> TASK REQUIREMENTS: Filter this material down to the lines that hold "design", copying each one.

> TASK INPUTS:

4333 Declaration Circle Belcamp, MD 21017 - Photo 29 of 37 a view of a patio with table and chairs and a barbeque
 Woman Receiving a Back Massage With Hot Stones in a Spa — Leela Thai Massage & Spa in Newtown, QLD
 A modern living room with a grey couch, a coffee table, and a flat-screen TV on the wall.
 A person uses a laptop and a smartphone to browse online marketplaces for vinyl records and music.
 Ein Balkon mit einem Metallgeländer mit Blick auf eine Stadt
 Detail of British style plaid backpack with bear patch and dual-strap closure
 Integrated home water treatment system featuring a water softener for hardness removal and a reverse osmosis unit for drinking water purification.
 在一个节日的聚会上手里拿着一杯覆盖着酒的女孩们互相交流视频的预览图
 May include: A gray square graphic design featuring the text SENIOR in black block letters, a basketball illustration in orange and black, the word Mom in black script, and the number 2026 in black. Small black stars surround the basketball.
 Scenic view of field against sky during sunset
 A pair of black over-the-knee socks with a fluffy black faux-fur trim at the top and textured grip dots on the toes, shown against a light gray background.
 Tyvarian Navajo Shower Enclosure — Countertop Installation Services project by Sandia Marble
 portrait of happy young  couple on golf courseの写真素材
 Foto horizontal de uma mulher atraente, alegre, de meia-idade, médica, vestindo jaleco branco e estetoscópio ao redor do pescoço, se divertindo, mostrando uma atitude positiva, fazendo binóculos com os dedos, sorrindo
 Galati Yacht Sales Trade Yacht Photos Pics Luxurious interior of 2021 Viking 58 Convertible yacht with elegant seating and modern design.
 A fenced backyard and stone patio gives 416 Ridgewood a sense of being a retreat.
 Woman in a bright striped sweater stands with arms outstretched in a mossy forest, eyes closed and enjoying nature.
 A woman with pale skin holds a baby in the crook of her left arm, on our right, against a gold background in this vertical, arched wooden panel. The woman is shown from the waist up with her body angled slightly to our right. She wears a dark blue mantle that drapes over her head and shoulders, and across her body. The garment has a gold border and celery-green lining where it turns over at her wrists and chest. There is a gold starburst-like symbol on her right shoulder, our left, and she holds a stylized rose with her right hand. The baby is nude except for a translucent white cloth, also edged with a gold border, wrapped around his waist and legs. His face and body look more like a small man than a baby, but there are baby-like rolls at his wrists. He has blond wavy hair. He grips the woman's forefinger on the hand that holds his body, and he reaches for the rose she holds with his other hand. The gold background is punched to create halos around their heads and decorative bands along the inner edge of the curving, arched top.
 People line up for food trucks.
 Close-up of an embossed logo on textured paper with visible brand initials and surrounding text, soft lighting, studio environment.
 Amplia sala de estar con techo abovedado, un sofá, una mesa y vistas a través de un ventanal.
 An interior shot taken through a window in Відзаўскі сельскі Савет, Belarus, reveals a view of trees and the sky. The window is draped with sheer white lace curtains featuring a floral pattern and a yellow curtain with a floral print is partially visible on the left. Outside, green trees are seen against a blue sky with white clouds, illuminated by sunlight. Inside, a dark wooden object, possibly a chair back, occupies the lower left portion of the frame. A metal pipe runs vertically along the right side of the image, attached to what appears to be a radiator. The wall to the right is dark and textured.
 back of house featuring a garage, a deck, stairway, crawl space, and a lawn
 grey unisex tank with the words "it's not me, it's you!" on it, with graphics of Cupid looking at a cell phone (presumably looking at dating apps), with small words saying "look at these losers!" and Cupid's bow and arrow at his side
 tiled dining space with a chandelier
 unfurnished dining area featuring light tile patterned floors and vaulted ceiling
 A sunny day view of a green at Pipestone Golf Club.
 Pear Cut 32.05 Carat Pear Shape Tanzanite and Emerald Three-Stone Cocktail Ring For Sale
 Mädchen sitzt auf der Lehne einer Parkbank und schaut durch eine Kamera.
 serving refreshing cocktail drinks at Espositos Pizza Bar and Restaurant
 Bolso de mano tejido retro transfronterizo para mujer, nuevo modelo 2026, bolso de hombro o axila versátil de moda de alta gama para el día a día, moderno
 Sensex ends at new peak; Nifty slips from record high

> RESPONSE BELOW:
 May include: A gray square graphic design featuring the text SENIOR in black block letters, a basketball illustration in orange and black, the word Mom in black script, and the number 2026 in black. Small black stars surround the basketball.
 Galati Yacht Sales Trade Yacht Photos Pics Luxurious interior of 2021 Viking 58 Convertible yacht with elegant seating and modern design.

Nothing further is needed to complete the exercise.